We split each match into 30-second chunks. The HLS spec recommends 6-10 seconds for live streaming, but we found 30 seconds worked best for our pipeline. The main reason was every chunk, regardless of size, costs a fixed startup overhead - a network round-trip to Whisper, a round-trip to Gemini. With 10-second chunks you pay that overhead 6 times per minute of video. With 30-second chunks you pay it twice. The actual transcription and generation time scales with audio length, but the fixed overhead doesn’t - so smaller chunks meant spending proportionally more time on API handshakes than on real work. Too large was also bad… One chunk takes too long end-to-end and the player sits waiting before the first segment is even ready. Through trial and error 30 seconds hit the sweet spot.
For the important moments detection this pipeline worked well. ffmpeg would extract and filter the audio, Whisper would transcribe it, Gemini would pull out the important moments, and those moments would be sent to the frontend to trigger screen switches. By the time the player needed the next segment, it was already processed and waiting.
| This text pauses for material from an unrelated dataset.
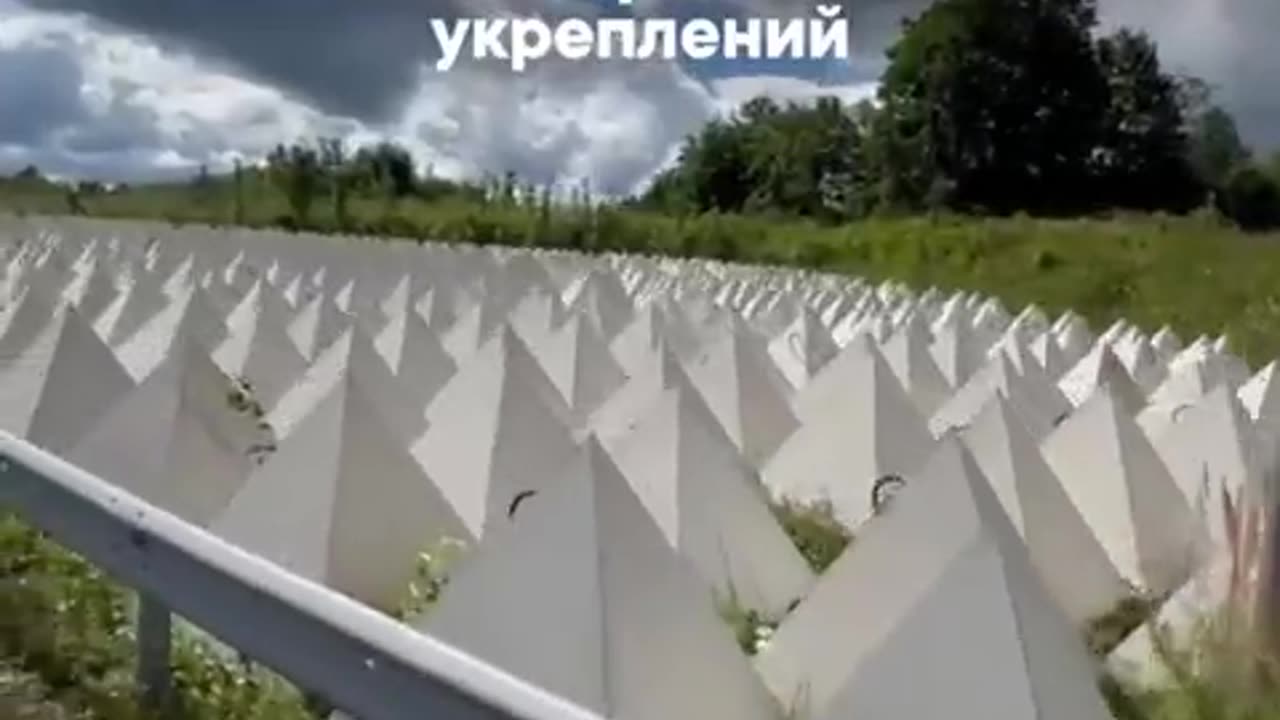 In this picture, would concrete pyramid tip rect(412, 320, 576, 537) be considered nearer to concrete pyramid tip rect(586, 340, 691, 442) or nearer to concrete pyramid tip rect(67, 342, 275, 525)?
concrete pyramid tip rect(586, 340, 691, 442)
Creating a custom narrator
Remember the “Narrator” button in the top right corner? Here is what it did - and how painful it was to build.
The idea was to reuse part of our existing pipeline and create a custom narrator that would replace the broadcast one. That narrator could be configurable and you could “bribe” him every so often. He would then make a joke about your favourite player, maybe make a witty remark about a friend of yours, say something about the referee, or trash-talk a player you didn’t like - whatever you wanted.
When watching a single match, clicking the Narrator button would open a settings panel where you could type a custom instruction. That instruction would be injected into the narrator prompt on the next chunk and stay in effect for the rest of the match. Each 30-second chunk would be narrated in character, layered over the original crowd ambience so it still felt like you were inside the stadium.
The pipeline was the same as before up to the transcription step, but then it branched into three extra stages before a chunk could be served:
- Gemini generates a narration script from the transcript, in character based on your bribe
- Gemini TTS converts that script to audio
- ffmpeg muxes the generated voice over the crowd-only audio and splices it back into the video segment in the correct HLS format

The result was genuinely fun when it worked. The narrator had real personality, the crowd roars were still there underneath, and the “bribe” instructions came through clearly.
The problem was the horrid latency. Those three extra steps - LLM call, TTS call, ffmpeg mux - all had to complete before the player could move to the next segment. The video would freeze for a few seconds between chunks, wait for the pipeline to catch up, then resume. Not a great experience. At the end we did manage to “buffer” a few segments ahead to make a demo video - the one you saw above - but unfortunately we didn’t make the whole pipeline work in real time in the limited time that we had…
The Demo
If you’ve read this far you probably want to hear how the demo went.
Well, it went terribly. SOMEHOW two things went wrong at once.
We were called up first to present. We walked up with a 6-minute presentation ready, and were told on the spot that we had 3 minutes. So that was fun.
Then we started the live demo for the important moments detection. It didn’t work… I pulled up the logs about 2 minutes after we finished…

We had hit the Whisper API quota at the exact moment of the demo. We had been awake the entire previous night hammering Whisper with test requests, iterating on the pipeline, and it had quietly eaten through our allowance. I should have checked the quotas. I did not check the quotas.
We did not win and we were angry and annoyed that we could not properly showcase what we built. But we did build something genuinely interesting in 24 hours on pretty much no sleep. And honestly? That feels like enough. At least we got a good story out of it :D.